The Sorrow of Miles Franklin beneath Mount Kajmakcalan

Written by Ivan Capovski Paul Filev (trans.)
Review by Waheed Rabbani

In 1917, a famous Australian author, Miles Franklin, arrives at the Scottish Women’s Hospital in Macedonia. While her position as a nurse might seem surprising, she is there to get away from London’s war hysteria and is disturbed at nothing being written about art or women’s rights. At that time, Macedonia had been partitioned among its neighbors, Serbia, Greece, and Bulgaria. While struggling to survive, its people were forcibly conscripted into different armies to fight each other on their own soil.

While fulfilling her nursing tasks, Miles frequently explores the neighboring battlefields and villages. She records in her diary her observations and the customs of the people she encounters. These accounts bring out the locals’ sufferings, particularly the women, and the progress and devastation of war. Miles strikingly illustrates the impact of partition on the lives of two people, a Serbian Macedonian and a Bulgarian Macedonian, who previously were friends and, injured in the fighting, are brought to the same hospital. They now must resolve their differences or slaughter each other.

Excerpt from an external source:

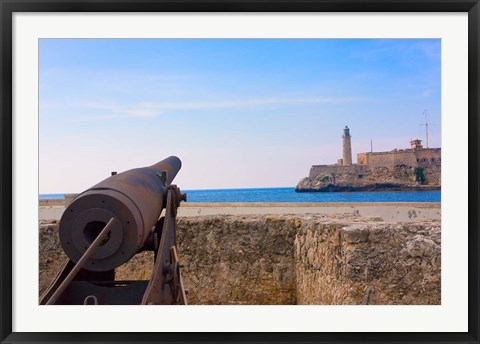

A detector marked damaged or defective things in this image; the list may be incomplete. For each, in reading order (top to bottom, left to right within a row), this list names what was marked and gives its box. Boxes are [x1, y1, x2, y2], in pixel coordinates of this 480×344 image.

rusty cannon barrel [58, 156, 181, 272] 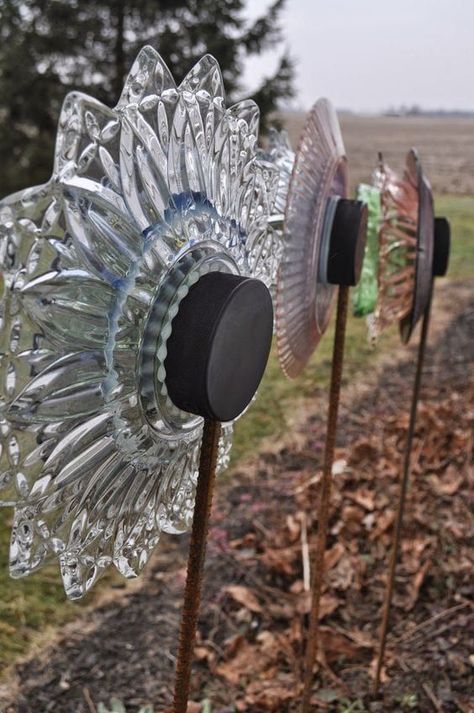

Čapovski has penned this remarkable historical novel from the point of view of Miles, in whose honor Australia’s prestigious Miles Franklin Award is named. While the narrative concentrates on Miles’s observations and experiences during the war, there are moments when she reminisces on her past in Australia, the United States, and England and her writing career. The attempt to blend Miles’s past events with more immediate incidents doesn’t entirely work uniformly, for the reader is pulled out of one narrative into another. The technique of using Miles to bind together several independent, tragic stories of unfortunate Macedonians works well to recount the cruel, obscure events of the period. An informative historical account about this theater of WWI.